» WHAT IS EXPECTED: Set down the lines below exactly as they stand, please. Go from the first through the one containing "Bedroom - 10553".

» DATA EXTRACT:
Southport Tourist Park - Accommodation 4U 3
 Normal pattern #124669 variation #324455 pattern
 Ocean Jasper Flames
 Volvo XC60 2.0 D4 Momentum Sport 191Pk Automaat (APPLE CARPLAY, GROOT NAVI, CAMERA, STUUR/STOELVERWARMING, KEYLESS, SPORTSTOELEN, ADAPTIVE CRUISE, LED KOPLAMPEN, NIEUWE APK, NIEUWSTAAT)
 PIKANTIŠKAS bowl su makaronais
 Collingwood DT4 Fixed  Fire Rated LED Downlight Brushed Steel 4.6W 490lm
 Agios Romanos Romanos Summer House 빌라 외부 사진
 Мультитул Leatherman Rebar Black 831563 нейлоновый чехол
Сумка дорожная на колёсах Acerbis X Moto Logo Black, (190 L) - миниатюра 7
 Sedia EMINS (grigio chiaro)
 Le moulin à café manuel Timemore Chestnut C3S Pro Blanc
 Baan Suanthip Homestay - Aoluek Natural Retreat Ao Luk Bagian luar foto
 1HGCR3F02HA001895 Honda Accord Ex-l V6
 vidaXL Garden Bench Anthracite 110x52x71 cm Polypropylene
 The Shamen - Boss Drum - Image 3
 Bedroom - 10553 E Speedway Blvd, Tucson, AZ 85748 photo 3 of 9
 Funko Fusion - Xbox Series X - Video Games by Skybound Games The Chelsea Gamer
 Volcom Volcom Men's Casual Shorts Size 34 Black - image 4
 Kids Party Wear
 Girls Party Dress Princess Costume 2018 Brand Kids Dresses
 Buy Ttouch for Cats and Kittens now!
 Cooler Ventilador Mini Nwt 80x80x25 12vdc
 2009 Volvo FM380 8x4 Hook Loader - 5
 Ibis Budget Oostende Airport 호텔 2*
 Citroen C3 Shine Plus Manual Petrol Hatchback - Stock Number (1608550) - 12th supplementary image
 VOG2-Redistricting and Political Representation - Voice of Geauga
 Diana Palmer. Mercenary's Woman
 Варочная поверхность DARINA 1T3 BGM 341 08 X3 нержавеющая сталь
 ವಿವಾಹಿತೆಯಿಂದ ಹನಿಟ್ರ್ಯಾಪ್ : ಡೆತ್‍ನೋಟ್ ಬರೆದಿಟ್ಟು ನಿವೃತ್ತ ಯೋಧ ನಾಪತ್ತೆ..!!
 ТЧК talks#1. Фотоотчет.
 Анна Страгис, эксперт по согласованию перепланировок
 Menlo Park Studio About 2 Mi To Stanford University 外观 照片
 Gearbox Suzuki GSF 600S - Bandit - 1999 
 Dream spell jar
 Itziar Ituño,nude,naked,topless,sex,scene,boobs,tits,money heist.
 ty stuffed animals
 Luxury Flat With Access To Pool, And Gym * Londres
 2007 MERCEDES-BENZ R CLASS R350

» EXERCISE RESULT:
Southport Tourist Park - Accommodation 4U 3
 Normal pattern #124669 variation #324455 pattern
 Ocean Jasper Flames
 Volvo XC60 2.0 D4 Momentum Sport 191Pk Automaat (APPLE CARPLAY, GROOT NAVI, CAMERA, STUUR/STOELVERWARMING, KEYLESS, SPORTSTOELEN, ADAPTIVE CRUISE, LED KOPLAMPEN, NIEUWE APK, NIEUWSTAAT)
 PIKANTIŠKAS bowl su makaronais
 Collingwood DT4 Fixed  Fire Rated LED Downlight Brushed Steel 4.6W 490lm
 Agios Romanos Romanos Summer House 빌라 외부 사진
 Мультитул Leatherman Rebar Black 831563 нейлоновый чехол
Сумка дорожная на колёсах Acerbis X Moto Logo Black, (190 L) - миниатюра 7
 Sedia EMINS (grigio chiaro)
 Le moulin à café manuel Timemore Chestnut C3S Pro Blanc
 Baan Suanthip Homestay - Aoluek Natural Retreat Ao Luk Bagian luar foto
 1HGCR3F02HA001895 Honda Accord Ex-l V6
 vidaXL Garden Bench Anthracite 110x52x71 cm Polypropylene
 The Shamen - Boss Drum - Image 3
 Bedroom - 10553 E Speedway Blvd, Tucson, AZ 85748 photo 3 of 9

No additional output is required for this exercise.